Gino, che ha superato da un bel po’ i
settanta, racconta le sue estati in un paesino, sul Lago Maggiore, con
la bisnonna materna, le passeggiate per raggiungere il pollaio, la sosta
per il Requiem alla cappelletta votiva con i teschi in bella vista, il
casée , il prete, i due matti del paese, le visite ai morti: «La morte
per noi bambini era una cosa naturale, oggi si è patologizzata, un po’
come il parto. Quanti familiari di malati terminali che stanno in casa
mi chiamano per chiedere come comportarsi con i bambini: la tentazione è
sempre quella di allontanarli per non farli soffrire. Ma prima o poi
soffrono anche i ragazzini, è inutile fingere che la sofferenza nella
vita non esista: oggi c’è il tabù della morte esattamente come ai miei
tempi c’era il tabù del sesso. Noi da bambini giocavamo nella stessa
stanza in cui il nonno era a letto malato…». Rebosio si è laureato su
questi temi a Ginevra con Jean Piaget, maestro della psicologia dello
sviluppo, poi per vent’anni ha studiato il «processo a morire» con
Vidas.
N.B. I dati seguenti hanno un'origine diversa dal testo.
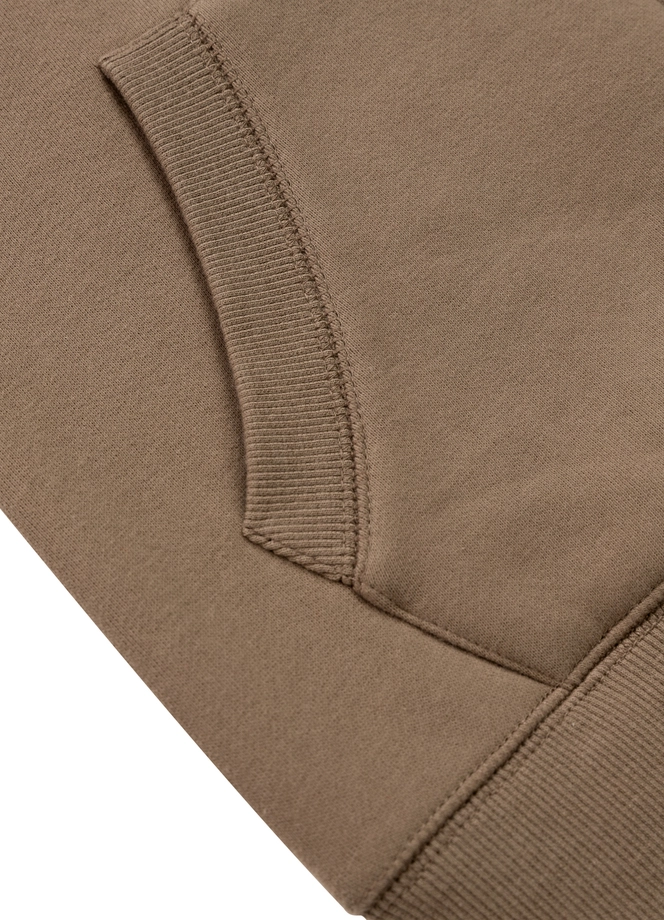 Bluza damska z kapturem Pitbull Pit Bull Tyrian ZIP hooded brązowa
La sua allegria non sembra per nulla oscurata da questa
esperienza. Nessuno conosce come lui il rapporto dell’infanzia e
dell’adolescenza con la morte: «Fino ai 10-11 anni la perdita rimane
legata all’esperienza del cerchio familiare: è sentita come fine di riti
e di rapporti. Dopo viene coniugata in termini più astratti, quasi
filosofici. In tutti c’è la domanda su cosa viene dopo, per dare senso a
qualcosa di inevitabile che devi subire. Il fatto sorprendente è che
nei morenti tutto questo costrutto si perde e oltre alla paura c’è la
preoccupazione delle conseguenze: l’essere dimenticati. Una vecchina una
volta mi ha detto il suo desiderio». Qual era? «Mi ha detto: vorrei
essere sepolta dentro nei miei. Quella per lei era l’immortalità, non
morire nel ricordo dei suoi cari. L’altra preoccupazione è la
conflittualità, perché con la rabbia vieni espulso. Un anziano una volta
ha espresso ai due figli la sua unica volontà: chiedeva loro di andare a
mangiare tutti gli anni in un certo ristorante …».